Verify reference image is valid (JPG/PNG)
Check prompt length (keep under 200 characters)
Reduce resolution if memory errors occur

Slow Performance

Use smaller resolutions (512x512)
Reduce inference steps
Disable face enhancement
Switch to CPU mode if GPU is overloaded

Face Enhancement Issues

Ensure face is clearly visible in reference
Try different enhancement algorithms
Adjust IPAdapter scale for better face preservation

🤝 Contributing

Fork the repository
Create a feature branch
Make your changes
Test thoroughly
Submit a pull request

📄 License

This project is licensed under the MIT License.
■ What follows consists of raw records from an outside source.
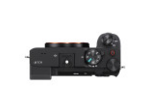 SONY ALPHA 7C R Noir Boitier nu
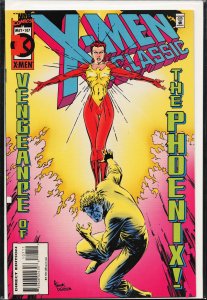X-Men Classic #107 (1995) X-Men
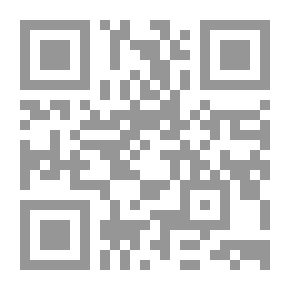 Qr Code طفل الروضة والبيئة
See LICENSE file for details.

🙏 Acknowledgments

Hugging Face for the Diffusers library and model hosting
IPAdapter team for the reference image integration
ComfyUI for inspiration and workflow concepts
Gradio team for the excellent web interface framework

📞 Support

Issues: Report bugs via GitHub Issues
Discussions: Join the community discussions
Documentation: Check the Hugging Face Spaces documentation

Note: This is an educational project replicating ComfyUI functionality. For production use, consider the original ComfyUI or commercial alternatives.